An example: I would like to think that given my own generally liberal position (or at least a position that I'd like to believe I take), I would be unequivocally in support of Occupy Wall Street, which paints a certain part of the population (rich corporate executives) as the problem. Now, I tend to think that to claim that the occupiers are engaging in "class warfare" is a bit ridiculous, but I still have the conviction that it is a bit more complicated than the protesters make it. I still have this knee jerk reaction to defend the 1% as those who are probably decent people just trying to make a living and love their family.

Now we are getting to the crux of the problem: the distinction between interpersonal relations and how those people function in society given their roles of power and privilege. It's the idea that if we could only "understand" those people,  if we could "get their side of the story."we could excuse their acts  Zizek thinks this is problematic because the "stories we tell ourselves about ourselves" are always flawed and we are always going to put ourselves in a positive light. The point is that we can't understand everyone completely--that there remains some "radical other" within ourselves that we cannot know. In order to show that this is false, Zizek uses extreme cases: would we say that if only we understood Hitler he would not have done what he did or we could understand what he did? Most of us would say no.

So here we must speak of preserving the otherness of the other. Perhaps this is the only way we can avoid meaningless relativism and absurd justification.

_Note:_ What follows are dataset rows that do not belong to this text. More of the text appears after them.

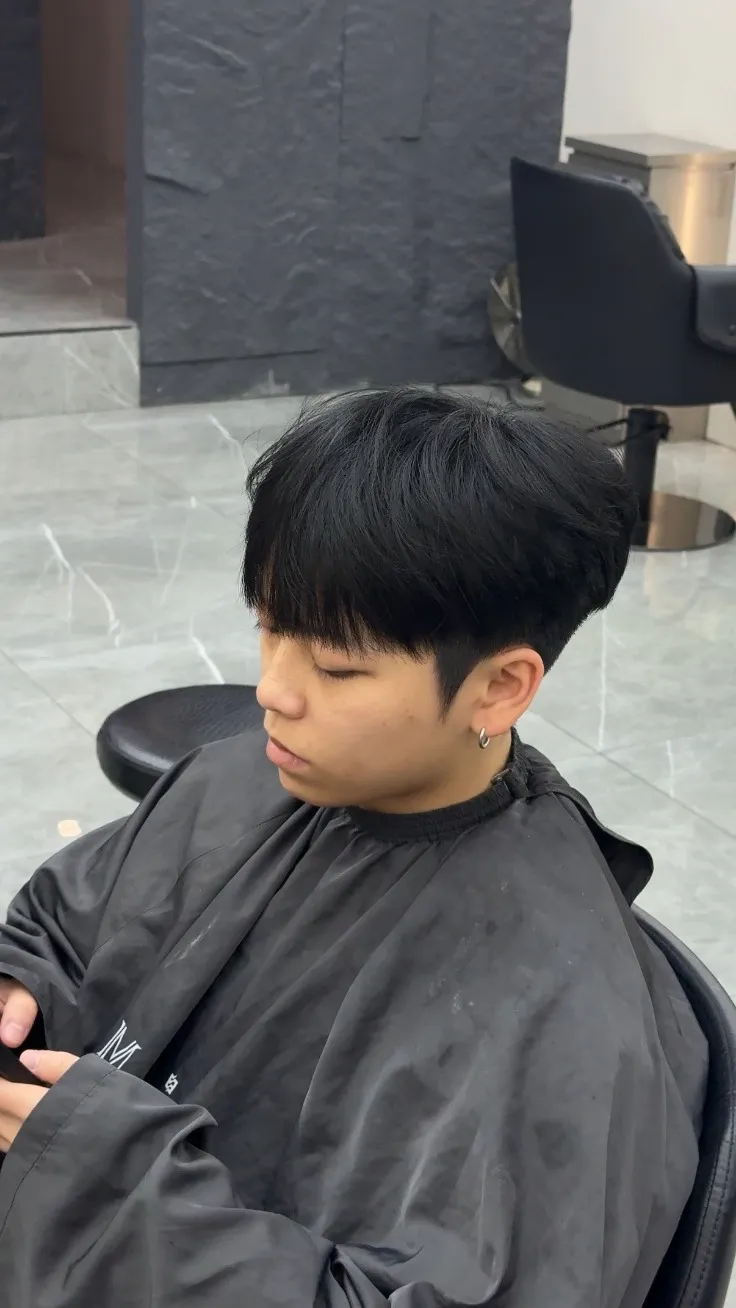 中壢男生剪髮二區塊｜深黑層次清爽短髮｜Henry｜TiAM 中壢中正店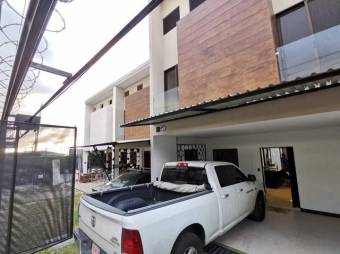 Se vende casa con patio en condominio de san Vicente Moravia 23-1588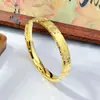 Tienda de Oro Mismo Estilo Oro Antiguo Artesanía Fina CNC Pulsera de Hielo Triturado Moda Popular Pulsera de Hielo Triturado de Tres Caras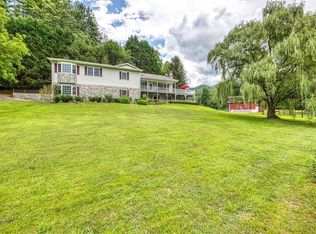 359 Husky Rd, Bryson City, NC 28713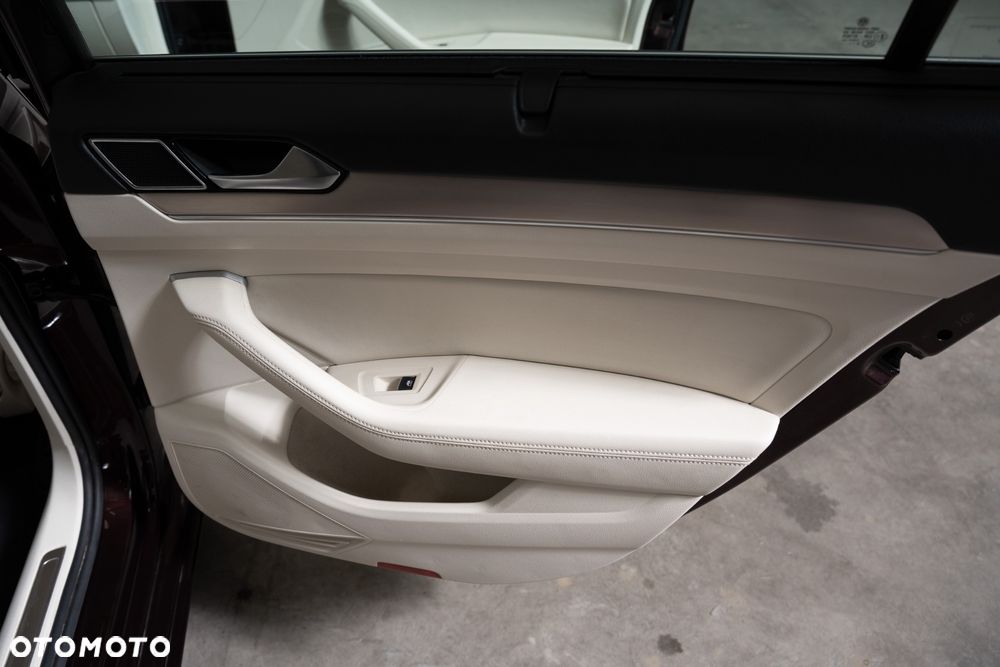 Volkswagen Passat 1.4 TSI BMT ACT Highline - 33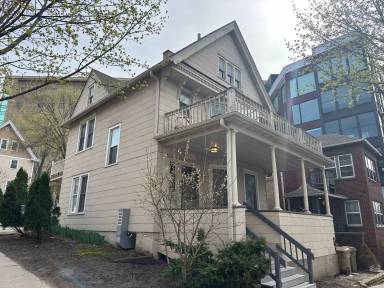 Main picture of 203 S Henry St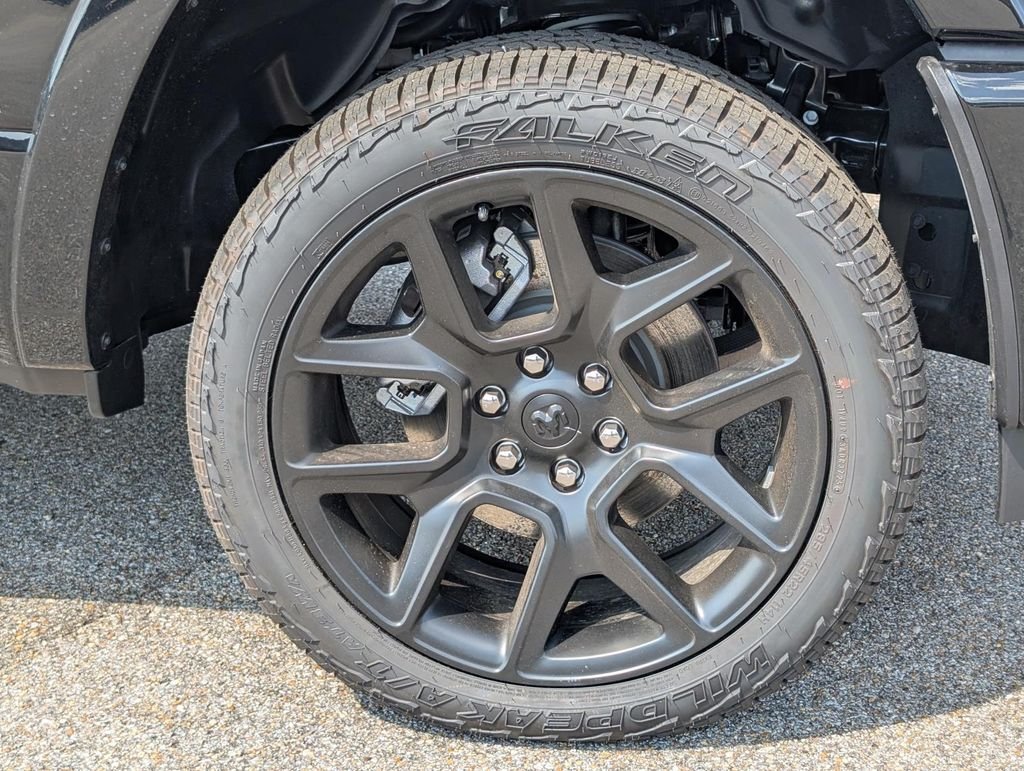 New 2026 Diamond Black Crystal Pearl-Coat Exterior Paint RAM Laramie image 30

At the same time, we cannot merely dismiss someone like Hitler as a "monster" or some sort of Force of Evil (nor can or should we do to the same to George Bush, President Obama, whoever the media wants to compare to Hitler these days). The terrifying part is that we are all possibly "monstrous" but not in a sublime, transcendent sense, but in the very way we allow ourselves to be part of a system of extermination. This is precisely the point of realizing our non-innocence in what we would call "monstrous" acts in the world. Pretending that we could ever "understand" this, as if it is merely a question of something we would say, only perpetuates a world where we seek to justify our acts rather than a world of responsibility.

And this is really what ethics comes down to: responsibility. The responsibility for our actions, for our words, and not only for "our own," but others as well.  In a world where our slightest action has an indirect but potent effect on others--in a globalized and networked world--we are responsible for more and more even if it is easier and easier to hide it.